Mr. Hunt, this isn't mission difficult, it's mission impossible. "Difficult" should be a walk in the park for you.
Mission Commander Swanbeck
As a foreign correspondent in London ten years ago, my job was to unearth innovative new startups for my business magazine's readers. I traveled across the Continent from Helsinki to Milan meeting entrepreneurs, venture capitalists and big company researchers to write about the next big thing.

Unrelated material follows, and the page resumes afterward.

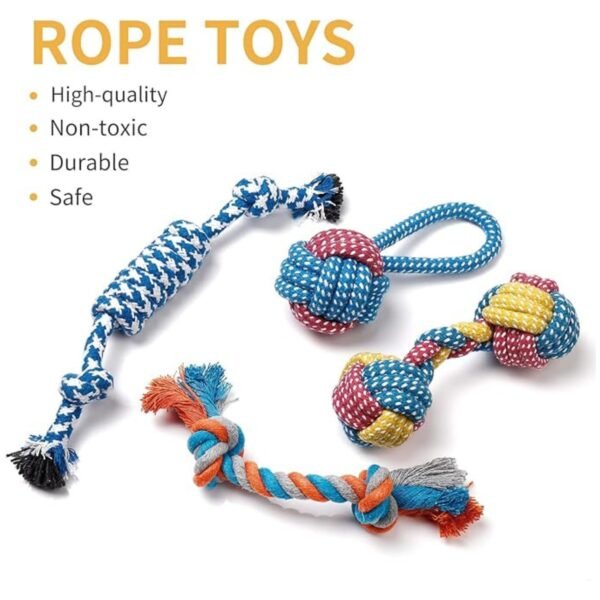 Durable rope chew toy for puppies, part of the 7-pack dog toy set.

In the summer of 2002, I attended a launch party for a startup demoing their nascent service at a swanky Haymarket bar. Upon walking in, there were printed instructions to visit one of the tables playing music and then navigate through a maze of confusing WAP mobile phone menus. What resulted was my phone magically told me the name of the song playing in the room. The party was Shazam's coming out party. It took almost ten years for the music recognition app to truly gain widespread recognition but, for me, it was the first time I saw firsthand what was only possible with a mobile phone.

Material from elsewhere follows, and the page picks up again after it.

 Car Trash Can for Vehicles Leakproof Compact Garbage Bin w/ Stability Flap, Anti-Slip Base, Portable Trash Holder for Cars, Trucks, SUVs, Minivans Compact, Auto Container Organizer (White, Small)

Ten years later, publishers are still plotting the best ways to engage readers on mobile devices.
The stakes are high. As technology continuously improves, the percent of content consumed from mobile devices increases. On average, 20 percent of sites’ content is now being consumed in mobile browsers. But, evolving technology platforms and consumption patterns makes it far more difficult to succeed on mobile than it is on desktop.
And the challenge of building a great mobile experience isn't solved by simply ensuring the content displays in the right way in the right environment. The bigger challenge is to figure out how best to match the content and mission of that publisher with the unique properties associated with varied operating systems, devices, browser and app environments.